Huntingtower Castle is to be found just west of Perth, not far from the junction of the A9 and the A85 Crieff road. Its location is unspectacular, and the margins of Perth seem to be growing steadily out towards it. But both the grounds and the castle are beautifully cared for and what you find is a unique time capsule with a wonderful atmosphere.
Huntingtower is medieval in origin but has seen significant redevelopment during its colourful history. Two families, the Ruthvens and the Murrays, made it their home and it also played host to royalty: twice to Mary Queen of Scots and once to her son James VI, who was held against his will there for ten months in 1582 during the episode known as the Ruthven Raid (see our Historical Timeline).
The Ruthvens held the lands from the 1100s to 1600. One resident in the early 1500s was Katherine Ruthven who later became Lady Glenorchy. In 1600 James VI's patience with the family finally ran out as a result of yet more plotting against him. As a result they were first killed and then tried for high treason; their lands were forfeited; and even the very name of the place, until then Ruthven, was changed - to Huntingtower.
The property was later given by the Crown to the Murrays of Tullibardine. Amongst the family's notable sons was Lord George Murray, who played an important role in the Jacobite uprisings of 1715, 1719 and 1745. During the occupation of John Murray, the first Duke of Atholl, the castle became run down and with the death of his wife in 1767 it was abandoned as a place of residence.
During the occupancy of the House of Ruthven, Huntingtower consisted of two quite separate tower houses built three metres apart, one for each of the sons of William Ruthven. Other buildings were set around the courtyard of the castle precincts.
Huntingtower today offers an interesting glimpse into the past, and holds some surprises for its visitors. Entry is either by steps from the courtyard into the first floor of the Western Tower, or into the ground floor of the East Tower.
The West Tower originally had three storeys and a garret and was the larger of the two properties; what remains today is a spacious hall with traces of wall paintings and coat of arms still apparent in the west window recess.
The Eastern Tower was originally built as a gatehouse but was converted in around 1500 into a residential tower house. The first floor hall boasts a painted wooden ceiling and intricate painted plasterwork representing a bird amid luxuriant foliage. This building is three floors and a garret, and on the second floor the fine 15th Century fireplace also survives.
It was in the 1600s that work was undertaken to link the two towers and make Huntingtower look more like a regular country mansion of the time. This work was undertaken by the the Murray family, and the bridging work between the original two towers is clearly visible both internally and externally.
At this time the grounds still housed the ruins of an earlier great banqueting hall and these were still standing more than a century later.

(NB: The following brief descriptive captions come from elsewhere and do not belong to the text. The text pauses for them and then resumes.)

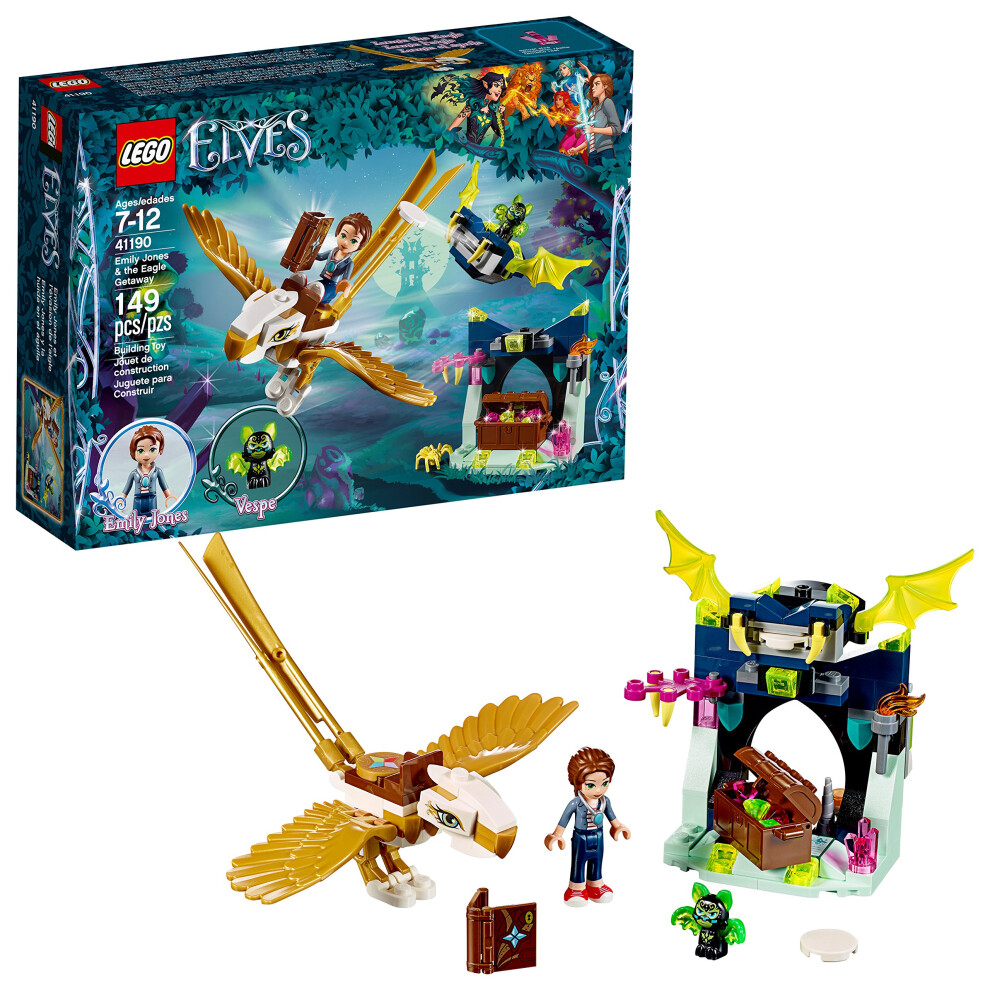 LEGO 6212137 Elves Emily Jones and The Eagle Getaway 41190 Building Kit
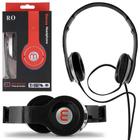 Fone De Ouvido RO Stereo Headphone Dobrável Entrada P2 Preto - R/O Fones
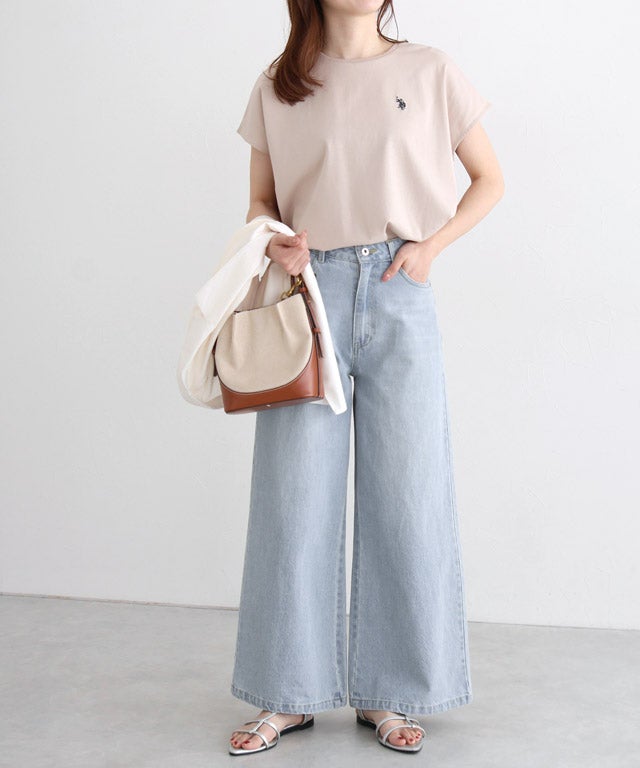 163cm / サックス / M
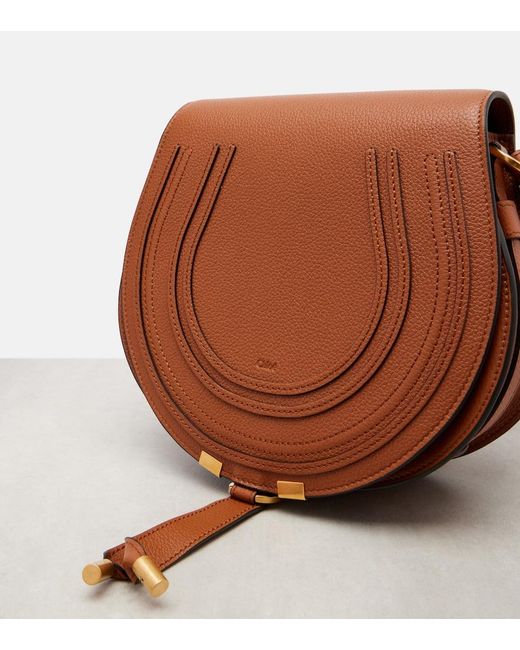 Chloé Brown Marcie Leather Crossbody Bag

The Murrays also developed significant formal gardens to the south and east of the castle.
Huntingtower also has a romantic tale to tell. Dorothea, daughter of the first Earl of Gowrie is said to have leapt between the tops of the two towers of the castle, a distance of 9 feet 4 inches, in retreat from her mother as she was almost discovered when visiting her lover in his chamber (doubtless deliberately located by her mother in the other tower).
The mother was reassured to find her daughter in her own bed that night, and her lover alone in his: but was probably less impressed when the couple eloped the next day. To this day the gap between the towers is know as The Maiden's Leap.
Some castles' claim to fame is a resident ghost. Huntingtower is known more for is resident colony of pipistrelle bats, who live here all year round alongside brown long-eared bats and some rarer Natterer's bats. An information board within the castle notes that bats aren't house trained, so evidence of their presence can be all to obvious. On the other hand, it points out that even a small pipistrelle bat can can eat up to 3,000 midges each night. And if you see butterfly wings carelessly scattered around, these are the leftovers of another of the bats' favourite meals.